Several months ago, a meme was born: The CW dramedy “Riverdale” was dubbed “Hot Archie Who Fucks” (or “HAWF,” for short) by several fans. It was a fun way of describing how the show brought an irreverent, sexually charged edge to a previously rather innocent Archie Comics icon.
Credit for the nickname is believed to go to film and TV critic Charles Bramesco.
Some personal news: I am now watching the pilot of HOT ARCHIE WHO FUCKS
— Charles Bramesco (@intothecrevasse) February 23, 2017
Following on the heels of “HAWF,” the NatGeo series “Genius” soon became known as “Hot Einstein Who Fucks” – thanks to its own deliberately sexual take on the world renowned scientist and pop culture icon. (Both the younger and older versions of Einstein, played by Johnny Flynn and Geoffrey Rush, respectively, got some on screen.)
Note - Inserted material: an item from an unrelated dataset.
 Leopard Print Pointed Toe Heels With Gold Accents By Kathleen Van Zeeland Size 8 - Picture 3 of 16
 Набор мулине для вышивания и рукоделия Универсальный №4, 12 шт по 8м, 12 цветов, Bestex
By New York Times Magazine law, it takes three examples to make it to be a trend, so thank god for TNT’s new drama “Will.” Created by Craig Pearce and directed by Shekhar Kapur, “Will” chronicles a 24-year-old William Shakespeare (played by Laurie Davidson), freshly arrived in London and eager to make a name for himself as a playwright.
Technically, Shakespeare got the HSWF treatment in the Oscar-winning film “Shakespeare in Love,” nearly 20 years ago, but that film wasn’t nearly as fast and loose with soundtrack, costume design, and… well, facts.
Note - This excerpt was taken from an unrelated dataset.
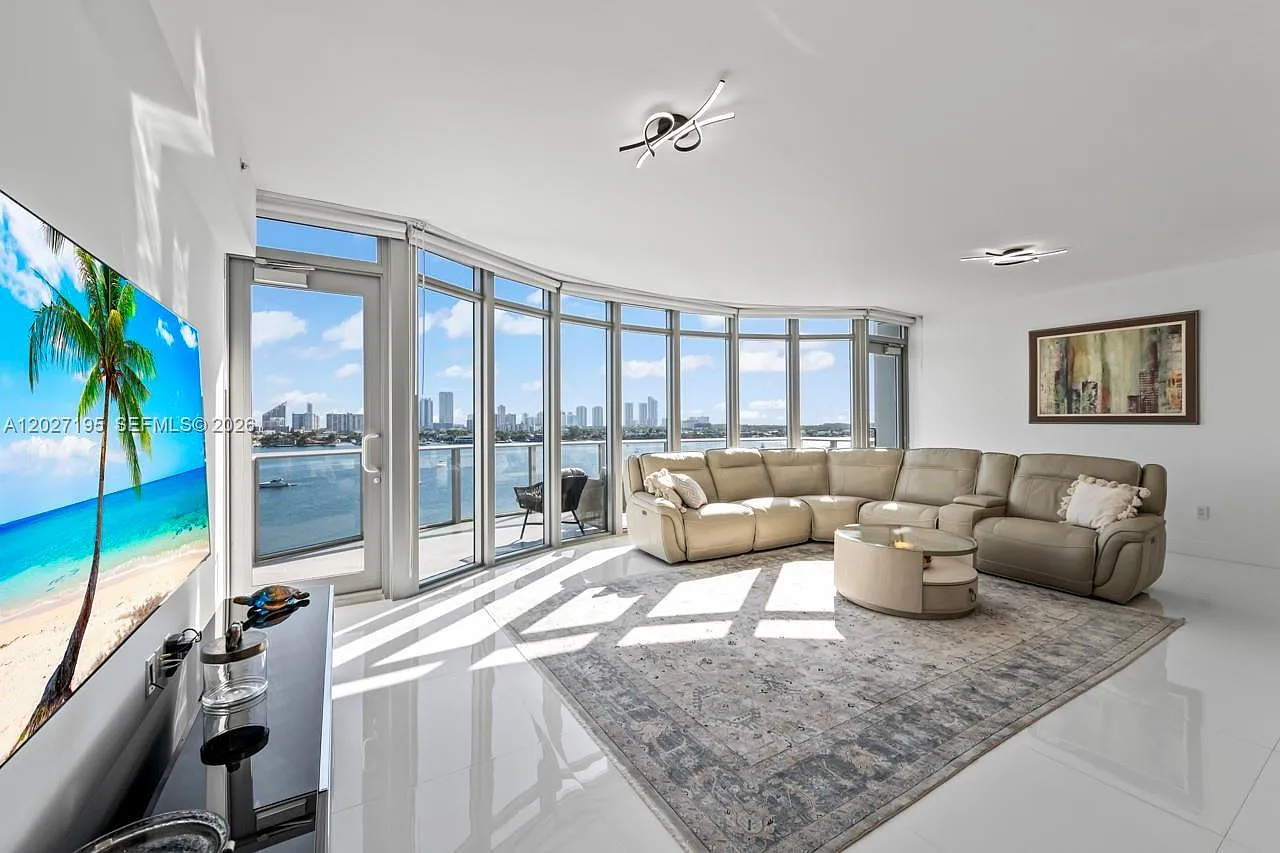 Marina Palms Residences N — Photo 4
Which is fine, actually, as what’s intriguing about giving Shakespeare the HSWF treatment is that very little is actually known about the Bard’s personal life, which is why people tie themselves into knots coming up with theories about him. The basic confirmed aspects of Shakespeare’s life — specifically, his status as a husband and father prior to traveling to London to join the theater — remain unchanged, but “Will” otherwise has a fair amount of fun finding its own take on the narrative. The show adds new characters and digs into the young writer’s artistic struggles, from coming up with ideas for characters and creating compelling narratives that surround them, to handling the pressures of fame and the response of critics.
All of that is compelling and relatable, but “Will” doesn’t seem to think that’s enough for a series. Hence, the new characters (including a tattooed take on Christopher Marlowe that either proves the show’s punk rock aspirations or proves that the make-up artist didn’t have time to cover up Jamie Campbell Bower’s real tats) and plotting.
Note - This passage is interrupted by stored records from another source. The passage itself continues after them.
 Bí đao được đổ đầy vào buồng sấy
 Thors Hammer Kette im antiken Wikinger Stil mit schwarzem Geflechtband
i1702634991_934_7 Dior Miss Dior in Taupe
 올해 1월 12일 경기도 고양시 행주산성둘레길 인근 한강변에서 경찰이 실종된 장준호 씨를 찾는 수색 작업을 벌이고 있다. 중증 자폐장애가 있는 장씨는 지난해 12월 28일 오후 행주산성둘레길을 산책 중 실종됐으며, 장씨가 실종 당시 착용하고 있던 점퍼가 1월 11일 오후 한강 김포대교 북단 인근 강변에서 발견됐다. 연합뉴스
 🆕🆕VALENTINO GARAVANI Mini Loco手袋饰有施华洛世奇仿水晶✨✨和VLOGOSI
The most dramatic and unexpected thing about “Will” is the choice to emphasize his status as a practicing Catholic, which was illegal in England at the time and thus adds additional peril, given how much the government loves butchering people over it. It’s a narrative choice that drags down the spirit of the show a bit, as it’s hard to gush over the bright colors and free-wheeling party vibe when a “Game of Thrones”-level torture scene is just around the corner.
But there is still fun to be had, especially when the action stays inside the theater, filled with boisterous characters passionate and inspired by the words that young unproven Shakespeare makes up out of thin air. Cast-wise, there are a number of stand-outs from this world: William Houston brings incredible energy and range to the role of haunted and hilarious actor Kemp, while Bower’s unhinged Marlowe is fascinating to witness.
And as Alice, whose love affair with Will is described as “star-crossed” (though the stars in this case include the fact that Will is married), Olivia DeJonge has a star quality presence while selling a feminist message that doesn’t feel unnatural to the time period.
In a later episode, actor Richard Burbage (Mattias Inwood) whips out a book of English history, suggesting Will look to it for inspiration. Will resists, saying he wants to come up with his own original ideas, but Richard replies with a line that proves more than a meta: “It’s 1589, Will — it’s all been done. It’s how you do it that counts.”
It’s true that we’ve seen HSWF before, but “Will” does offer up some freshness to that approach — an important reminder that just being “edgy” isn’t enough to propel a show. Sure, it’s fun to see Shakespeare get some; fortunately, “Will” manages to find depth beyond that.